Work required: Could you copy each line of the listing that holds "Striped"?

** Opening Records provided block **

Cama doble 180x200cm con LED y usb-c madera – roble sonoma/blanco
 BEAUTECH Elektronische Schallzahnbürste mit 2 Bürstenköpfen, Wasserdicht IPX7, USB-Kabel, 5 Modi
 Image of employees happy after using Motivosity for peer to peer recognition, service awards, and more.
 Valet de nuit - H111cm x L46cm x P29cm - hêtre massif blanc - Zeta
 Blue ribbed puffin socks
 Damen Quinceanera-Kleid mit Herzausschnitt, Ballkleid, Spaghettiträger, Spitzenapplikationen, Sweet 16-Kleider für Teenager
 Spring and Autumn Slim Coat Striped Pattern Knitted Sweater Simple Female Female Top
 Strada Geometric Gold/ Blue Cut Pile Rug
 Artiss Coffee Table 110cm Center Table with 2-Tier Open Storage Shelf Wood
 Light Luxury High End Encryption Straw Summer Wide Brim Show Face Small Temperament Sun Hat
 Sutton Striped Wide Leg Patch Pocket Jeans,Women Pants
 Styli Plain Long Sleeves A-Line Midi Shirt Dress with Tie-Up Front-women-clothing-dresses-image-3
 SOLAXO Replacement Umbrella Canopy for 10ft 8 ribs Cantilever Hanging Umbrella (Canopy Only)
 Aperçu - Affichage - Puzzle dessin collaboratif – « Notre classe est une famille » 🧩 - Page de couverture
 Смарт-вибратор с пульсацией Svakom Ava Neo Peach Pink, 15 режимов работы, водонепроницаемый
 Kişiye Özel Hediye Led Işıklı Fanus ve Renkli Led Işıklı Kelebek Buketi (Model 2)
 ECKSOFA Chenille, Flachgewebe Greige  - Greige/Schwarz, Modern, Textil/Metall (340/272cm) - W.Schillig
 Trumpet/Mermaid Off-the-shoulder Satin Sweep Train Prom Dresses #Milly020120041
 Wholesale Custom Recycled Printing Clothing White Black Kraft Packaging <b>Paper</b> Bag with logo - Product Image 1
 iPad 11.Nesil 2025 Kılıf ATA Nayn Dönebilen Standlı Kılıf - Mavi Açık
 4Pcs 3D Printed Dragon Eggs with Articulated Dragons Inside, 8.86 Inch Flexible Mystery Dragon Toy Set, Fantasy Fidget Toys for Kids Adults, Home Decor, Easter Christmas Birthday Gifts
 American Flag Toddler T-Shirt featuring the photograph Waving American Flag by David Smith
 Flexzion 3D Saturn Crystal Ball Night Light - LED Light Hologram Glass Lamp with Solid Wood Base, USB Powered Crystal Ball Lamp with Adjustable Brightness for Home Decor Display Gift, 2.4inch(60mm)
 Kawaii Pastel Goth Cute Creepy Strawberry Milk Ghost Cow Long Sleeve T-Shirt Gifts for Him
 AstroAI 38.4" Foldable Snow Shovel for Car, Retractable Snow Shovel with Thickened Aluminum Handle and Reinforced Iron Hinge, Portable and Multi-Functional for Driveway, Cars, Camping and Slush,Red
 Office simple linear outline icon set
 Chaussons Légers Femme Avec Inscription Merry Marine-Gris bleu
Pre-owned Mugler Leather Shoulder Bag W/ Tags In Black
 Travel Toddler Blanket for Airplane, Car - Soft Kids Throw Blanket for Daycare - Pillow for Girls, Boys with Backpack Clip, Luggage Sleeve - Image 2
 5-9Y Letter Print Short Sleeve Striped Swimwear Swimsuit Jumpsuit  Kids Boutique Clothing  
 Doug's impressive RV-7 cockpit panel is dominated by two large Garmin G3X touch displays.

** Closing Records provided block **

Result of the task:
 Spring and Autumn Slim Coat Striped Pattern Knitted Sweater Simple Female Female Top
 Sutton Striped Wide Leg Patch Pocket Jeans,Women Pants
 5-9Y Letter Print Short Sleeve Striped Swimwear Swimsuit Jumpsuit  Kids Boutique Clothing  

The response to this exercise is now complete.